Retype all of the data that follows, line for line.

(Entries supplied):
::::::

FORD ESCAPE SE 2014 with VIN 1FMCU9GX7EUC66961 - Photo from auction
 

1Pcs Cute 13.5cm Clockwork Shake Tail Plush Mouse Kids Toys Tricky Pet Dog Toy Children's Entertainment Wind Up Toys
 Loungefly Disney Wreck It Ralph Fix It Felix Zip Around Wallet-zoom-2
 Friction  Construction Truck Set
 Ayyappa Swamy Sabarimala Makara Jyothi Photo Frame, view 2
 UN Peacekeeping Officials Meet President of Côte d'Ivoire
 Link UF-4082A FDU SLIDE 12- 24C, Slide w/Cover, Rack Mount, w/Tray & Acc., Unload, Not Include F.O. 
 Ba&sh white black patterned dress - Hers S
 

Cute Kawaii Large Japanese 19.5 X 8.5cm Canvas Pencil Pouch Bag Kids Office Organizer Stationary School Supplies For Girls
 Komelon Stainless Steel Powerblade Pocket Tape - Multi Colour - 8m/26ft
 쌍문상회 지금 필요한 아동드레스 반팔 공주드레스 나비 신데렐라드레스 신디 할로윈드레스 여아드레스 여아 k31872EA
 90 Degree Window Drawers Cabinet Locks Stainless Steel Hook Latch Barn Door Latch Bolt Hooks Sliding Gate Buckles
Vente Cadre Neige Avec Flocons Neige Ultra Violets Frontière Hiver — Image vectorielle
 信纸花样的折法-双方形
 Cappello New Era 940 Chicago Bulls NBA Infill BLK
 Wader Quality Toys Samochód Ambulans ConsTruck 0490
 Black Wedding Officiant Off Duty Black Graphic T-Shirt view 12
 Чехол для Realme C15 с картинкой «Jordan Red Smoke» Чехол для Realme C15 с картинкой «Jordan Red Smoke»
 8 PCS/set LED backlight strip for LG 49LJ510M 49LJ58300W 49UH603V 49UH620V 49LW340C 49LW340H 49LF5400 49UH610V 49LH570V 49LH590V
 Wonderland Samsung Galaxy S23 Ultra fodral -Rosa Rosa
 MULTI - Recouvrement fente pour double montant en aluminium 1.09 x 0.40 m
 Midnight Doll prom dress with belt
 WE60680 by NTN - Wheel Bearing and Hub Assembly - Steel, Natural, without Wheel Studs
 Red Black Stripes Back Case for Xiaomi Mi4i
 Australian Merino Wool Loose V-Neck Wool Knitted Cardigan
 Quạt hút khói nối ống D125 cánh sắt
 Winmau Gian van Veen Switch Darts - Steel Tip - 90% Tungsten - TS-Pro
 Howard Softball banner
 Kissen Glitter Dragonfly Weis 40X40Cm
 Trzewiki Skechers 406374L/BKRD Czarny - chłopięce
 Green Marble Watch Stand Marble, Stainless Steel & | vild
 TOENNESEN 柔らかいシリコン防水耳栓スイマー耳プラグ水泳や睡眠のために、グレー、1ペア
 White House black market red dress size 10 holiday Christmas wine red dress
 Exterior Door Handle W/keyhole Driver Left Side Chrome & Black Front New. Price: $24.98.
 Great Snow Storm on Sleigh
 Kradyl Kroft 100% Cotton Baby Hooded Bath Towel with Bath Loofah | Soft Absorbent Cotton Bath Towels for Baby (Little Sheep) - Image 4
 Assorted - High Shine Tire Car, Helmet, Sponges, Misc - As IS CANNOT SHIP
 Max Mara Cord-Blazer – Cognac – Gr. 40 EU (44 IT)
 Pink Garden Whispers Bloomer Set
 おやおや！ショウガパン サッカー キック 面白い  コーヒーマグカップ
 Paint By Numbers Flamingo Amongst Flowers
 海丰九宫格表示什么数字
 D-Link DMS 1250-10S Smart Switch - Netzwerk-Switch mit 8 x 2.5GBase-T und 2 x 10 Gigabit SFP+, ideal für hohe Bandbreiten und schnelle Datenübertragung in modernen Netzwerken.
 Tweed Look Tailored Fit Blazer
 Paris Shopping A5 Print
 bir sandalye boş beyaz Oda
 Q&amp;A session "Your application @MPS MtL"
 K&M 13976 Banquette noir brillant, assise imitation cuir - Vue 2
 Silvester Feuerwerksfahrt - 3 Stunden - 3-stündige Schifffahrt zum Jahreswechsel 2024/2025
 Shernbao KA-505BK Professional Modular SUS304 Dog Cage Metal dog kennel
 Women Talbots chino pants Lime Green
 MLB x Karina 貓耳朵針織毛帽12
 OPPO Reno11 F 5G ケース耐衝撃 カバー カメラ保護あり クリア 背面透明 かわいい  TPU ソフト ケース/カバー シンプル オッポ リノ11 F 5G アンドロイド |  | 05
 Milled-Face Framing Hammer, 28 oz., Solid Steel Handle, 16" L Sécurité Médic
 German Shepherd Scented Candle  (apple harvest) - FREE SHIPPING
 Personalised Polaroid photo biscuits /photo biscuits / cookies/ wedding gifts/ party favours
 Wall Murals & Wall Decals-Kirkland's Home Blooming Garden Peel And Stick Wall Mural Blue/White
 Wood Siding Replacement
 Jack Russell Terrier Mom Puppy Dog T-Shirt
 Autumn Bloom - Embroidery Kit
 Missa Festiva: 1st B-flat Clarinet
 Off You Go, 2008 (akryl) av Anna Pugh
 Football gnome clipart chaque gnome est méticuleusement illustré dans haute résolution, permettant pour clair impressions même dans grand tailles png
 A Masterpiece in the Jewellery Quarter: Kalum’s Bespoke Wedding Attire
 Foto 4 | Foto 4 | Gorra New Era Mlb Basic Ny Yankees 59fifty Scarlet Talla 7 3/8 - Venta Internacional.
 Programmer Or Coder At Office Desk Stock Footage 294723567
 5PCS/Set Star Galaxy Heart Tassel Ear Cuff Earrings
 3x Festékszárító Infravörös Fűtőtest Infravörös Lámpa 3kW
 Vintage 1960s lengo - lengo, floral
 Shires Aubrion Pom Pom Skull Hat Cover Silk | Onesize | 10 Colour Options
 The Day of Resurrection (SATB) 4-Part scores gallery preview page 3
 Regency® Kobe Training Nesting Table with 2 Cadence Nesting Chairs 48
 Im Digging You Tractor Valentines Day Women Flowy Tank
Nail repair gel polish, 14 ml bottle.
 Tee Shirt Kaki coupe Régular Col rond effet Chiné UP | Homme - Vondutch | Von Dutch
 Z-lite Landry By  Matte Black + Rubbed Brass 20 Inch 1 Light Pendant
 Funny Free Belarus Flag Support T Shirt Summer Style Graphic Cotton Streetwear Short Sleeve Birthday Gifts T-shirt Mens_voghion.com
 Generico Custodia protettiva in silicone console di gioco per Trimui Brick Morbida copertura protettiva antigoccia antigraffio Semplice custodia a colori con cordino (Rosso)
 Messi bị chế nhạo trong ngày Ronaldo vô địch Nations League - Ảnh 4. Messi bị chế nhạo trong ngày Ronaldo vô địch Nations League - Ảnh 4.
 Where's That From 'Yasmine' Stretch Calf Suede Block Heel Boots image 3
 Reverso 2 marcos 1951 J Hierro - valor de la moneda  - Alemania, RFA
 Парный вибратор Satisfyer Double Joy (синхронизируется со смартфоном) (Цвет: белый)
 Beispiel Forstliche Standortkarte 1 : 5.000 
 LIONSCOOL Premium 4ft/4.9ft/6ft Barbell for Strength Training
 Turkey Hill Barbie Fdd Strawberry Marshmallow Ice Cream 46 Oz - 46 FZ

::::::

(Solution):
FORD ESCAPE SE 2014 with VIN 1FMCU9GX7EUC66961 - Photo from auction
 

1Pcs Cute 13.5cm Clockwork Shake Tail Plush Mouse Kids Toys Tricky Pet Dog Toy Children's Entertainment Wind Up Toys
 Loungefly Disney Wreck It Ralph Fix It Felix Zip Around Wallet-zoom-2
 Friction  Construction Truck Set
 Ayyappa Swamy Sabarimala Makara Jyothi Photo Frame, view 2
 UN Peacekeeping Officials Meet President of Côte d'Ivoire
 Link UF-4082A FDU SLIDE 12- 24C, Slide w/Cover, Rack Mount, w/Tray & Acc., Unload, Not Include F.O. 
 Ba&sh white black patterned dress - Hers S
 

Cute Kawaii Large Japanese 19.5 X 8.5cm Canvas Pencil Pouch Bag Kids Office Organizer Stationary School Supplies For Girls
 Komelon Stainless Steel Powerblade Pocket Tape - Multi Colour - 8m/26ft
 쌍문상회 지금 필요한 아동드레스 반팔 공주드레스 나비 신데렐라드레스 신디 할로윈드레스 여아드레스 여아 k31872EA
 90 Degree Window Drawers Cabinet Locks Stainless Steel Hook Latch Barn Door Latch Bolt Hooks Sliding Gate Buckles
Vente Cadre Neige Avec Flocons Neige Ultra Violets Frontière Hiver — Image vectorielle
 信纸花样的折法-双方形
 Cappello New Era 940 Chicago Bulls NBA Infill BLK
 Wader Quality Toys Samochód Ambulans ConsTruck 0490
 Black Wedding Officiant Off Duty Black Graphic T-Shirt view 12
 Чехол для Realme C15 с картинкой «Jordan Red Smoke» Чехол для Realme C15 с картинкой «Jordan Red Smoke»
 8 PCS/set LED backlight strip for LG 49LJ510M 49LJ58300W 49UH603V 49UH620V 49LW340C 49LW340H 49LF5400 49UH610V 49LH570V 49LH590V
 Wonderland Samsung Galaxy S23 Ultra fodral -Rosa Rosa
 MULTI - Recouvrement fente pour double montant en aluminium 1.09 x 0.40 m
 Midnight Doll prom dress with belt
 WE60680 by NTN - Wheel Bearing and Hub Assembly - Steel, Natural, without Wheel Studs
 Red Black Stripes Back Case for Xiaomi Mi4i
 Australian Merino Wool Loose V-Neck Wool Knitted Cardigan
 Quạt hút khói nối ống D125 cánh sắt
 Winmau Gian van Veen Switch Darts - Steel Tip - 90% Tungsten - TS-Pro
 Howard Softball banner
 Kissen Glitter Dragonfly Weis 40X40Cm
 Trzewiki Skechers 406374L/BKRD Czarny - chłopięce
 Green Marble Watch Stand Marble, Stainless Steel & | vild
 TOENNESEN 柔らかいシリコン防水耳栓スイマー耳プラグ水泳や睡眠のために、グレー、1ペア
 White House black market red dress size 10 holiday Christmas wine red dress
 Exterior Door Handle W/keyhole Driver Left Side Chrome & Black Front New. Price: $24.98.
 Great Snow Storm on Sleigh
 Kradyl Kroft 100% Cotton Baby Hooded Bath Towel with Bath Loofah | Soft Absorbent Cotton Bath Towels for Baby (Little Sheep) - Image 4
 Assorted - High Shine Tire Car, Helmet, Sponges, Misc - As IS CANNOT SHIP
 Max Mara Cord-Blazer – Cognac – Gr. 40 EU (44 IT)
 Pink Garden Whispers Bloomer Set
 おやおや！ショウガパン サッカー キック 面白い  コーヒーマグカップ
 Paint By Numbers Flamingo Amongst Flowers
 海丰九宫格表示什么数字
 D-Link DMS 1250-10S Smart Switch - Netzwerk-Switch mit 8 x 2.5GBase-T und 2 x 10 Gigabit SFP+, ideal für hohe Bandbreiten und schnelle Datenübertragung in modernen Netzwerken.
 Tweed Look Tailored Fit Blazer
 Paris Shopping A5 Print
 bir sandalye boş beyaz Oda
 Q&amp;A session "Your application @MPS MtL"
 K&M 13976 Banquette noir brillant, assise imitation cuir - Vue 2
 Silvester Feuerwerksfahrt - 3 Stunden - 3-stündige Schifffahrt zum Jahreswechsel 2024/2025
 Shernbao KA-505BK Professional Modular SUS304 Dog Cage Metal dog kennel
 Women Talbots chino pants Lime Green
 MLB x Karina 貓耳朵針織毛帽12
 OPPO Reno11 F 5G ケース耐衝撃 カバー カメラ保護あり クリア 背面透明 かわいい  TPU ソフト ケース/カバー シンプル オッポ リノ11 F 5G アンドロイド |  | 05
 Milled-Face Framing Hammer, 28 oz., Solid Steel Handle, 16" L Sécurité Médic
 German Shepherd Scented Candle  (apple harvest) - FREE SHIPPING
 Personalised Polaroid photo biscuits /photo biscuits / cookies/ wedding gifts/ party favours
 Wall Murals & Wall Decals-Kirkland's Home Blooming Garden Peel And Stick Wall Mural Blue/White
 Wood Siding Replacement
 Jack Russell Terrier Mom Puppy Dog T-Shirt
 Autumn Bloom - Embroidery Kit
 Missa Festiva: 1st B-flat Clarinet
 Off You Go, 2008 (akryl) av Anna Pugh
 Football gnome clipart chaque gnome est méticuleusement illustré dans haute résolution, permettant pour clair impressions même dans grand tailles png
 A Masterpiece in the Jewellery Quarter: Kalum’s Bespoke Wedding Attire
 Foto 4 | Foto 4 | Gorra New Era Mlb Basic Ny Yankees 59fifty Scarlet Talla 7 3/8 - Venta Internacional.
 Programmer Or Coder At Office Desk Stock Footage 294723567
 5PCS/Set Star Galaxy Heart Tassel Ear Cuff Earrings
 3x Festékszárító Infravörös Fűtőtest Infravörös Lámpa 3kW
 Vintage 1960s lengo - lengo, floral
 Shires Aubrion Pom Pom Skull Hat Cover Silk | Onesize | 10 Colour Options
 The Day of Resurrection (SATB) 4-Part scores gallery preview page 3
 Regency® Kobe Training Nesting Table with 2 Cadence Nesting Chairs 48
 Im Digging You Tractor Valentines Day Women Flowy Tank
Nail repair gel polish, 14 ml bottle.
 Tee Shirt Kaki coupe Régular Col rond effet Chiné UP | Homme - Vondutch | Von Dutch
 Z-lite Landry By  Matte Black + Rubbed Brass 20 Inch 1 Light Pendant
 Funny Free Belarus Flag Support T Shirt Summer Style Graphic Cotton Streetwear Short Sleeve Birthday Gifts T-shirt Mens_voghion.com
 Generico Custodia protettiva in silicone console di gioco per Trimui Brick Morbida copertura protettiva antigoccia antigraffio Semplice custodia a colori con cordino (Rosso)
 Messi bị chế nhạo trong ngày Ronaldo vô địch Nations League - Ảnh 4. Messi bị chế nhạo trong ngày Ronaldo vô địch Nations League - Ảnh 4.
 Where's That From 'Yasmine' Stretch Calf Suede Block Heel Boots image 3
 Reverso 2 marcos 1951 J Hierro - valor de la moneda  - Alemania, RFA
 Парный вибратор Satisfyer Double Joy (синхронизируется со смартфоном) (Цвет: белый)
 Beispiel Forstliche Standortkarte 1 : 5.000 
 LIONSCOOL Premium 4ft/4.9ft/6ft Barbell for Strength Training
 Turkey Hill Barbie Fdd Strawberry Marshmallow Ice Cream 46 Oz - 46 FZ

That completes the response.